Dataset records:
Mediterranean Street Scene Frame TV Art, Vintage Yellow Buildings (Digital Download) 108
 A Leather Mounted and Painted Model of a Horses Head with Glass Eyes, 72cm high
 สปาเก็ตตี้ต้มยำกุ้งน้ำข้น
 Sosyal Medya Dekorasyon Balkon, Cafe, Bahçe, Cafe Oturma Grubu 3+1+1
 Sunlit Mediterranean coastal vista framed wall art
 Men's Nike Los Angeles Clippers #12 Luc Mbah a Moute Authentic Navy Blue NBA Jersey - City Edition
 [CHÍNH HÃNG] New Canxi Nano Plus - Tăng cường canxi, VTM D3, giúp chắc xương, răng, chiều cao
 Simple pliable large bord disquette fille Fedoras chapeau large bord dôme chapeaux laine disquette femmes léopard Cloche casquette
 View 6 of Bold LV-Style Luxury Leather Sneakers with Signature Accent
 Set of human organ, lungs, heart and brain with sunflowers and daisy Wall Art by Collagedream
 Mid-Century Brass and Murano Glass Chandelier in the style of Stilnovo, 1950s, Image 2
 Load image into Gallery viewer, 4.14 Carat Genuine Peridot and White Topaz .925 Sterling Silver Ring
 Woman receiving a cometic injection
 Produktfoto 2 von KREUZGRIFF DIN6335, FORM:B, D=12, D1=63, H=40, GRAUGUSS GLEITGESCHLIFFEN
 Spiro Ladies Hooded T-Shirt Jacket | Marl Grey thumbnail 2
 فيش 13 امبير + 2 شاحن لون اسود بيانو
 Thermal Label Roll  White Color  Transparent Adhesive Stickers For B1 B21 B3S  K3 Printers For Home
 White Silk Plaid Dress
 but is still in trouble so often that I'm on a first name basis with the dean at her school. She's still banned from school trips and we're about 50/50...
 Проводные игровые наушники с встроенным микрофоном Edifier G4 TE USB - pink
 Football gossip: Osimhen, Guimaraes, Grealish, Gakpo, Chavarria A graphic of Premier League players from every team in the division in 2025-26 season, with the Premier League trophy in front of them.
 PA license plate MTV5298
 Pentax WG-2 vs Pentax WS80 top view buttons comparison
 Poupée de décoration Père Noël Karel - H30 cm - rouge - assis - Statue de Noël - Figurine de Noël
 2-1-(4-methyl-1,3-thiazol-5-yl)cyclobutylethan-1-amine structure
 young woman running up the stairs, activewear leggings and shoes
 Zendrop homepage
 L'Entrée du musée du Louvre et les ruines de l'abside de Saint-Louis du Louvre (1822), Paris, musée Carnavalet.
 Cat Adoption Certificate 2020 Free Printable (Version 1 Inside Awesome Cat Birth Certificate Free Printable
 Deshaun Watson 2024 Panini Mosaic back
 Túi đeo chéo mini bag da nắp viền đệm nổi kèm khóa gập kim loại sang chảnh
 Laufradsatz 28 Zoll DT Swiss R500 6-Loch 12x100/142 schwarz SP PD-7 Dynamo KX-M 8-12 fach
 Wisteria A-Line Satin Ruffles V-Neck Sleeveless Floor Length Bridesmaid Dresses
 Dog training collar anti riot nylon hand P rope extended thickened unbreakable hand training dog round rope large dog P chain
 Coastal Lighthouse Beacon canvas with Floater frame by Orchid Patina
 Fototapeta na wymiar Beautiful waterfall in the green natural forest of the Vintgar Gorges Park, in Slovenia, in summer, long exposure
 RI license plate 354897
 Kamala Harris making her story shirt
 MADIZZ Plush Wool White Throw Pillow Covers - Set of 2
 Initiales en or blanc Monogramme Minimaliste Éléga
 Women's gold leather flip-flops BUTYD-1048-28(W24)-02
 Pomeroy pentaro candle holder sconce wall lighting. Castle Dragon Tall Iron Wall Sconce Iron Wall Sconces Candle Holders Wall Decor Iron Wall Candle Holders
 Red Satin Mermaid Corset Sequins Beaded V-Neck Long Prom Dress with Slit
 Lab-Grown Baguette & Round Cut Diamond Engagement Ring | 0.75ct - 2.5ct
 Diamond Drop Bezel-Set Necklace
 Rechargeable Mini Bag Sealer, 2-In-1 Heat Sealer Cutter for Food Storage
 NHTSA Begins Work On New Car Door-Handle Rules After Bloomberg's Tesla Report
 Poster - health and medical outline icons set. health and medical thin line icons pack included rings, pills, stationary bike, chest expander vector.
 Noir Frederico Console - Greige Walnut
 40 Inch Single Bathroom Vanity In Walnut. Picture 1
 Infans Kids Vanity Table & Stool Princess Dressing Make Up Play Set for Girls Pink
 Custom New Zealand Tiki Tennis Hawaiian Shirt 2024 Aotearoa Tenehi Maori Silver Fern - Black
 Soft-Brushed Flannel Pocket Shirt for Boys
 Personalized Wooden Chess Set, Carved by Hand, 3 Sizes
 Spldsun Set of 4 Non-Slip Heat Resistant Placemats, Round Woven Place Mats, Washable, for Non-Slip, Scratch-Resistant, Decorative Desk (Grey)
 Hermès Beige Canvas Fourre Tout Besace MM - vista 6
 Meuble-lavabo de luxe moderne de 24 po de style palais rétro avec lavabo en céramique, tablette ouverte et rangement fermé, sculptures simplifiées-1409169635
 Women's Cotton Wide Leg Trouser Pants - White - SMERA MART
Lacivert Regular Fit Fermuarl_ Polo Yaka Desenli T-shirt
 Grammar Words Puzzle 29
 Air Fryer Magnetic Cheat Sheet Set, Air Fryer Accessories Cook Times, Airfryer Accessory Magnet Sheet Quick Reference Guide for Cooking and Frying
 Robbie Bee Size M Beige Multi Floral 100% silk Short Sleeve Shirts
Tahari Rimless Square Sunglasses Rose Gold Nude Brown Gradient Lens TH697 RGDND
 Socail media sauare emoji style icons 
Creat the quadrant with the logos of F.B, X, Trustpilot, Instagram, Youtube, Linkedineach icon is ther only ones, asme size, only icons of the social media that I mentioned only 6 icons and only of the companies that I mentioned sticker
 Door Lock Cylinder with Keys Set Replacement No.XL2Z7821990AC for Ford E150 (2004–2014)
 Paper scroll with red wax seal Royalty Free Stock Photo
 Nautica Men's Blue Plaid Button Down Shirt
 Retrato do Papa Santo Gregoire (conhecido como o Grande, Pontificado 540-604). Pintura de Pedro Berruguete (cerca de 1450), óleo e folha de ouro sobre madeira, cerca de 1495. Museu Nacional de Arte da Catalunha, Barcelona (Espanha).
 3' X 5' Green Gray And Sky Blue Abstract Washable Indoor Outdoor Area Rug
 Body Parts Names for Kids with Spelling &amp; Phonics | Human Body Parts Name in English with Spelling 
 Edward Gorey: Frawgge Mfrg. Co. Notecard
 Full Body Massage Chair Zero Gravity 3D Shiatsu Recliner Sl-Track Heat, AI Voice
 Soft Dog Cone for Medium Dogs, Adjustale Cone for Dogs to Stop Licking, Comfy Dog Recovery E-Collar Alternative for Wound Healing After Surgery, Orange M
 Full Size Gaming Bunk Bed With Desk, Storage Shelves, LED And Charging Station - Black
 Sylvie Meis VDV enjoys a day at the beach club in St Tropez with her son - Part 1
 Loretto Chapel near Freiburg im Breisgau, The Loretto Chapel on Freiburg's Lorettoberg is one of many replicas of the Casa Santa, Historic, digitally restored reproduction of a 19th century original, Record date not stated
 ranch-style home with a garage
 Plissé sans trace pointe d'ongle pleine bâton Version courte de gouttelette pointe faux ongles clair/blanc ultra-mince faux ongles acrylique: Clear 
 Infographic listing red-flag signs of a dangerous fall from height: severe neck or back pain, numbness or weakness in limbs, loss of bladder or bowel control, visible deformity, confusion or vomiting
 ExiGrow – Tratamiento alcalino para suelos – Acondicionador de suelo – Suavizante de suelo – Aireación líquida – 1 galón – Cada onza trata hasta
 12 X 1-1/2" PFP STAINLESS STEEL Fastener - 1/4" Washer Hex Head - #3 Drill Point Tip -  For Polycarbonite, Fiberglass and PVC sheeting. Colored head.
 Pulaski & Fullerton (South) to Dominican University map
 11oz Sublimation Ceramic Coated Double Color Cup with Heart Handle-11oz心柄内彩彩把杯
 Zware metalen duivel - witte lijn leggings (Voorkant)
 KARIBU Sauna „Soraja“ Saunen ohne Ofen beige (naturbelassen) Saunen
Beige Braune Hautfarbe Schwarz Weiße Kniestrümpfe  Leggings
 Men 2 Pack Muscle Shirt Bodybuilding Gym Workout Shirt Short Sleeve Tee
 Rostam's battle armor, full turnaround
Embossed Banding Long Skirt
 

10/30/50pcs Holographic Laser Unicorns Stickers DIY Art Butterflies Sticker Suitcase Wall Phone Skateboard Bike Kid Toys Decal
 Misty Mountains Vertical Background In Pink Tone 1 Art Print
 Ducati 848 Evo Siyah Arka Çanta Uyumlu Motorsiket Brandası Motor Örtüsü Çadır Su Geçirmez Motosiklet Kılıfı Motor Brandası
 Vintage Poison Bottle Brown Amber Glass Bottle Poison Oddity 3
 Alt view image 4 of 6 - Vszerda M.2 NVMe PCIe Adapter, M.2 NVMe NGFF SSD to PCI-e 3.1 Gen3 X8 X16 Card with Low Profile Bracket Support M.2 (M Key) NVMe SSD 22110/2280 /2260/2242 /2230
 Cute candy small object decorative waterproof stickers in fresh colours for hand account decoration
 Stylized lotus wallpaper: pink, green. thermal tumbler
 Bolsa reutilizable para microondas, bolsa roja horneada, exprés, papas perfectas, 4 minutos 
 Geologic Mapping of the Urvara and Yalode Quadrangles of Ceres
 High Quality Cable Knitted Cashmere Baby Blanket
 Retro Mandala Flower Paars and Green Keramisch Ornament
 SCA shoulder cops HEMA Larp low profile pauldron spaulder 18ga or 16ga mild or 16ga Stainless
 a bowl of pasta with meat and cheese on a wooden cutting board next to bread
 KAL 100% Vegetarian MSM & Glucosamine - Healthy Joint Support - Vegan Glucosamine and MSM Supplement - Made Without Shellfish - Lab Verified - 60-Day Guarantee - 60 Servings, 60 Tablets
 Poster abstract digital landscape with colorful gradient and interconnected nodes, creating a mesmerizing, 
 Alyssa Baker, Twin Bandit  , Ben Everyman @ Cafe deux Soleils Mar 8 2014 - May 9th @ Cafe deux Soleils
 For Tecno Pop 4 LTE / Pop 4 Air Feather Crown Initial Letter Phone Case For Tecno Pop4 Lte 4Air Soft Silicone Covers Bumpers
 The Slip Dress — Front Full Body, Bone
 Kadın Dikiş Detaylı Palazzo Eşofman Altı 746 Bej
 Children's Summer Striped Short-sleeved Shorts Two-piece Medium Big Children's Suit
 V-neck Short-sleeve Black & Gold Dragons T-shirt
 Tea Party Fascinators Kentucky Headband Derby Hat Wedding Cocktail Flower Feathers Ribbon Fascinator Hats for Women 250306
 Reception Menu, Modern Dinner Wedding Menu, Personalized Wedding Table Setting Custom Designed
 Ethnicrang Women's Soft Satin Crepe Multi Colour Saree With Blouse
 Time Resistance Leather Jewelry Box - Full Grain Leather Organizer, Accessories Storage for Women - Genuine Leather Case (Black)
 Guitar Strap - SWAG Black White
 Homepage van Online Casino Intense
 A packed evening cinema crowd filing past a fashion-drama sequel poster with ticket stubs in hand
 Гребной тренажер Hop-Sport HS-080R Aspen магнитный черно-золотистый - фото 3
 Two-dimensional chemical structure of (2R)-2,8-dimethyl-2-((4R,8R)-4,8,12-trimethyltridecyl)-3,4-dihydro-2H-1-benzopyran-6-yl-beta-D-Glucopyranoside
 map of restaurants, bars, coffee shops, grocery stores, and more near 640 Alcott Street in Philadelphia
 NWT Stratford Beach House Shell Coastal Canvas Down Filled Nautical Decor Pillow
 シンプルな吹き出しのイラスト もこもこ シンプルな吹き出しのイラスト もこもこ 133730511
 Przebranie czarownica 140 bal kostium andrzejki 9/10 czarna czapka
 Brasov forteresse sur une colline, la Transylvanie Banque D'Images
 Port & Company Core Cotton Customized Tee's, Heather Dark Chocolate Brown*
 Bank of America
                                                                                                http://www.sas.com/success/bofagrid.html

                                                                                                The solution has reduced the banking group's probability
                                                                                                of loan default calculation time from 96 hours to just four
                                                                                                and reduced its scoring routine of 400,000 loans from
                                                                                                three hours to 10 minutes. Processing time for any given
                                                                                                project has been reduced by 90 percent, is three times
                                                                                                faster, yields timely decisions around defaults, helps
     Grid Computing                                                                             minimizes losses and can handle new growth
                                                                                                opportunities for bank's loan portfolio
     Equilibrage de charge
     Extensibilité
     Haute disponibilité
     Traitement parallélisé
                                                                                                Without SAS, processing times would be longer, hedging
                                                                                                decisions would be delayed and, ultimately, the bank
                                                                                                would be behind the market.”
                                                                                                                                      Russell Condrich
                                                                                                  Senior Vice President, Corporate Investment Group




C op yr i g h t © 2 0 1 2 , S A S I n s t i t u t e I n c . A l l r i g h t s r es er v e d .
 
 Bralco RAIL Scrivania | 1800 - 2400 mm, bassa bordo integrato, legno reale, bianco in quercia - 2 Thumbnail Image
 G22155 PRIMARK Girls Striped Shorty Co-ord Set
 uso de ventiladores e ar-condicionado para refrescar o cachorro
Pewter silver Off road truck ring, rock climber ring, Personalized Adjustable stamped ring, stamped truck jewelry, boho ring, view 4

Activity: Using the data above, repeat exactly the lines that begin at the line with "Set of human" and end at the line with "Zendrop homepage", both ends included.

Your response:
 Set of human organ, lungs, heart and brain with sunflowers and daisy Wall Art by Collagedream
 Mid-Century Brass and Murano Glass Chandelier in the style of Stilnovo, 1950s, Image 2
 Load image into Gallery viewer, 4.14 Carat Genuine Peridot and White Topaz .925 Sterling Silver Ring
 Woman receiving a cometic injection
 Produktfoto 2 von KREUZGRIFF DIN6335, FORM:B, D=12, D1=63, H=40, GRAUGUSS GLEITGESCHLIFFEN
 Spiro Ladies Hooded T-Shirt Jacket | Marl Grey thumbnail 2
 فيش 13 امبير + 2 شاحن لون اسود بيانو
 Thermal Label Roll  White Color  Transparent Adhesive Stickers For B1 B21 B3S  K3 Printers For Home
 White Silk Plaid Dress
 but is still in trouble so often that I'm on a first name basis with the dean at her school. She's still banned from school trips and we're about 50/50...
 Проводные игровые наушники с встроенным микрофоном Edifier G4 TE USB - pink
 Football gossip: Osimhen, Guimaraes, Grealish, Gakpo, Chavarria A graphic of Premier League players from every team in the division in 2025-26 season, with the Premier League trophy in front of them.
 PA license plate MTV5298
 Pentax WG-2 vs Pentax WS80 top view buttons comparison
 Poupée de décoration Père Noël Karel - H30 cm - rouge - assis - Statue de Noël - Figurine de Noël
 2-1-(4-methyl-1,3-thiazol-5-yl)cyclobutylethan-1-amine structure
 young woman running up the stairs, activewear leggings and shoes
 Zendrop homepage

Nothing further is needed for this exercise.